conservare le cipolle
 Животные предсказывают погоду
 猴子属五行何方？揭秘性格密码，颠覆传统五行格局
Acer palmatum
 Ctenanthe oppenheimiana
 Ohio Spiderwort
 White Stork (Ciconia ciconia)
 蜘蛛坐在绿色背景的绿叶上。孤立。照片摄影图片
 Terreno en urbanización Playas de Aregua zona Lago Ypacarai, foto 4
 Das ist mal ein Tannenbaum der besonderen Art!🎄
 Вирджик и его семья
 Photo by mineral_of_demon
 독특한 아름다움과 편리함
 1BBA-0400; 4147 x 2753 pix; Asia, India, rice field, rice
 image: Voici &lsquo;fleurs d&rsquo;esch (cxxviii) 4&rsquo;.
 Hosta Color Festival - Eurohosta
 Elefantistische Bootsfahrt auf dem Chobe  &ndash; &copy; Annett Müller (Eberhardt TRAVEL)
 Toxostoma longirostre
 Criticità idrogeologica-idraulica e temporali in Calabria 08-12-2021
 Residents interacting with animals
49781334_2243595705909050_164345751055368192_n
------------------------------------------------------------
> **YOUR INSTRUCTIONS**: All records shown above must be set down again verbatim.

> **WRITTEN ANSWER**:
conservare le cipolle
 Животные предсказывают погоду
 猴子属五行何方？揭秘性格密码，颠覆传统五行格局
Acer palmatum
 Ctenanthe oppenheimiana
 Ohio Spiderwort
 White Stork (Ciconia ciconia)
 蜘蛛坐在绿色背景的绿叶上。孤立。照片摄影图片
 Terreno en urbanización Playas de Aregua zona Lago Ypacarai, foto 4
 Das ist mal ein Tannenbaum der besonderen Art!🎄
 Вирджик и его семья
 Photo by mineral_of_demon
 독특한 아름다움과 편리함
 1BBA-0400; 4147 x 2753 pix; Asia, India, rice field, rice
 image: Voici &lsquo;fleurs d&rsquo;esch (cxxviii) 4&rsquo;.
 Hosta Color Festival - Eurohosta
 Elefantistische Bootsfahrt auf dem Chobe  &ndash; &copy; Annett Müller (Eberhardt TRAVEL)
 Toxostoma longirostre
 Criticità idrogeologica-idraulica e temporali in Calabria 08-12-2021
 Residents interacting with animals
49781334_2243595705909050_164345751055368192_n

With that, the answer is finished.